American Christianity: taking control, or last gasp?

Enumerate the ones that they didn’t bring about then…we can’t reach common ground unless you are willing to state what you think was uniquely Christian.

But the only thing I can find in the Bible is Romans 2:14–15, but that was copied from Cicero who was most definitely not a Christian.

In the case of the US, the natural rights propaganda like Common Sense, the most widely read pamphlet of the American Revolution, was produced by a non-Christian. I am not going to just accept that concepts like the peaceful nature of republics put forth by Thomas Paine are in any way Christian because we have direct evidence that he was not one. Can you provide proof that Christianity drove his ideas?

While the specific collection of features may be fairly unique, your argument seems to be that a puddle forces the ground to change to conform to it’s shape.

I don’t think this is a fair claim. What is really happening is that Christianity is not monolithic and really never has been. Christians have been on both sides of most social issues in modern history due to their religious beliefs. They were marching for Civil Rights and nuclear disarmament as well as against those causes and both were rooting their beliefs in various theologies that fall within the tent that is Christianity.

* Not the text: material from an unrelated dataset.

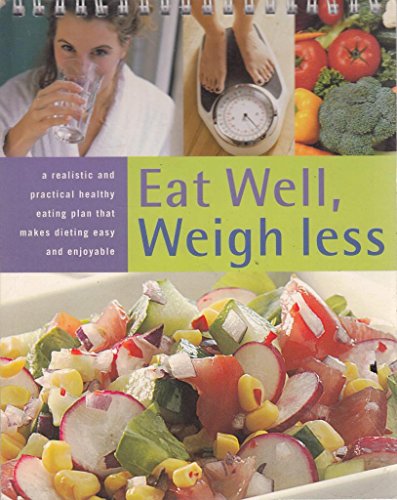 Imagen de archivo de Eat Well, Weigh Less (Diet S.) a la venta por WorldofBooks
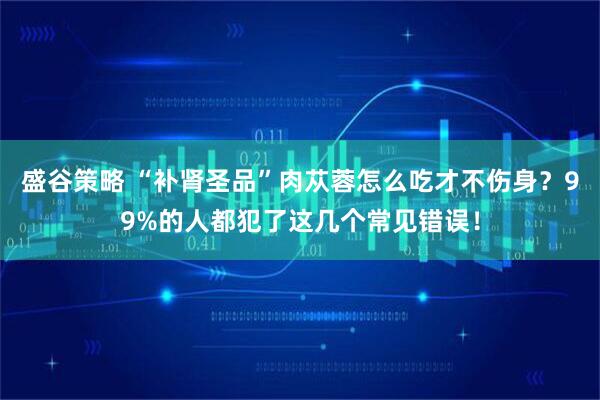 盛谷策略 “补肾圣品”肉苁蓉怎么吃才不伤身？99%的人都犯了这几个常见错误！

What many non-Christians do is set up ‘straw man Christianity’ that creates a parody of Christianity relying upon its worst features and then saying that anyone that doesn’t follow that parody isn’t truly living out their faith and has somehow corrupted Christianity. It implies that everything that is positive about Christianity is people diverging from the faith and everything negative about it is ‘real’ Christianity and that simply isn’t true. Christianity has 2000 years of theological disagreements and branchings that come to many different conclusions. Hyper-liberal Episcopalians are just as Christian as these parody fundamentalists that you think represent ‘real’ Christianity.

So what you are saying is you can’t define these features, which apparently cannot be enumerated, but caused a result that you are unwilling to define but uniquely happened due to it?

Why do you ascribe the results to it with zero evidence?

Socinianism was uniquely Christian. It never existed in any other religious or cultural context.

Paine was not Christian, but his ideas came from Grotius and Locke who were firmly rooted in Christianity and because of their Christianity.

Actually what you’ve argued is that Locke belonged to one subsect of Christianity that hewed to an interpretation of Christianity that was nonstandard at the time. (What immediately leapt to my mind was the Jacobians - the people who think Bella and Jacob were the true couple in the Twilight series.)

This doesn’t tell me that Christianity spawned human rights. This tells me that Christianity at the time was, for a while, not entirely successful at crushing out humaneness from its members.

And I will readily concede that Christianity doesn’t have a 100% success rate at turning all its members into monsters. It’s not 0% either though. And I don’t give them props for that failure nor credit for the decency that slips through the cracks.

What portion of it was unique? And how does it relate to the rise of Democracy that makes it unique?

I am pretty sure the world had skeptics as an example, and lots of people didn’t believe in the trinity.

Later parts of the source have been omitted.